In this implementation scheme, I ran for more than 40 seconds, because there are a large number of sub recursive repeated calculations.
For example, the change of 15 points appeared three times! It needs 52 recursive calls to be finally solved. The figure below is only a corner of recursion:
Optimization scheme
The key to the improvement of this recursive solution is to eliminate repeated calculation. We can use a table to save the calculated intermediate results. Before calculation, check the table to see whether it has been calculated. If it has been calculated, the function will not be run, so the function stack frame will not be generated, which greatly reduces the running time. This is dynamic programming.
Although this approach will increase the spatial complexity, it will greatly reduce the time complexity, that is, each subproblem will be solved only once.
Before recursive call, first look up whether there is an optimal solution for partial change in the table. If so, directly return the optimal solution without recursive call. If not, make recursive call.
The code implementation is as follows:
#! /usr/local/bin/python3
# -*- coding:utf-8 -*-
def recDC(coinValueList,change,knownResults):
"""
:param coinValueList:
:param change:
:param knownResults: The result of saving the table (corresponding to the memo mode in the design mode), because we want to change 63, we can set it as a list with a width of 64
"""
minCoins = change
# Basic conditions for recursive end
if change in coinValueList:
# Record optimal solution
knownResults[change] = 1
return 1
elif knownResults[change] > 0:
# Look up the table successfully and use the optimal solution directly
return knownResults[change]
else:
for i in [c for c in coinValueList if c <= change]:
numCoins = 1 + recDC(coinValueList, change-i,
knownResults)
if numCoins < minCoins:
minCoins = numCoins
# Find the optimal solution and record it in the table
knownResults[change] = minCoins
return minCoins
if __name__ == '__main__':
print(recDC([1,5,10,25],63,[0]*64))
Now call again, and it only takes a few tenths of a second to get the result.
Python built-in library functools @ lrc_chace also implements this caching function, but the decorator uses dictionary storage cache, so the fixed parameters and keyword parameters of the decorated function must be hashable.
As shown below, instead of writing dynamic programming by yourself, you can call the decorator directly. You only need to change the currency system input from list to tuple:
#! /usr/local/bin/python3
# -*- coding:utf-8 -*-
import functools
@functools.lru_cache(maxsize=63)
def recMC(coinValueList, change):
minCoins = change
if change in coinValueList:
return 1
else:
for i in [c for c in coinValueList if c <= change]:
numCoins = 1 + recMC(coinValueList, change - i)
if numCoins < minCoins:
minCoins = numCoins
return minCoins
if __name__ == '__main__':
print(recMC((1, 5, 10, 25), 63))
# list can't be hash, just change it to tuple
Recursive visualization
turtle module
This is a Python built-in module that can be called at any time to simulate the footprints left by a turtle crawling on the beach based on the creativity of LOGO language.

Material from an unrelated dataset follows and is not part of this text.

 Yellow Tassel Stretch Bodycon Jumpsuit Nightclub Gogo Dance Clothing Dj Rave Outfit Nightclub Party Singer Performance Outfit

Here are some basic methods:
| method | describe |
|---|---|
| turtle.Turtle() | Instantiate object |
| hideturtle() | Make the tortoise invisible, leaving only footprints |
| forward() | The tortoise moves forward (head to the East) |
| backward() | The tortoise moves backward (head West) |
| left() | The tortoise turned to the left |
| right() | The tortoise turned to the right |
| penup() | Lift the brush |
| pendown() | Put down the brush |
| pensize() | Pen width |
| pencolor() | Pen color |
| turtle.done() | Do not close after painting |
Draw a triangle:
import turtle
import time
def triangle():
t = turtle.Turtle()
t.forward(200)
t.right(60)
t.backward(200)
t.left(120)
t.backward(200)
if __name__ == '__main__':
triangle()
time.sleep(5)
Self similar recursive graph
Fractal is a new discipline initiated by Mandelbrot in 1975.
Its concept is: "a rough or fragmentary geometry can be divided into several parts, and each part (at least approximately) is the shape after overall reduction", that is, it has self similar properties.
There are many self similar recursive graphics in nature, such as snowflakes, branches and so on:
Fractal tree
We can use recursion to draw a binary fractal tree and divide the tree into three parts: trunk, small tree on the left and small tree on the right.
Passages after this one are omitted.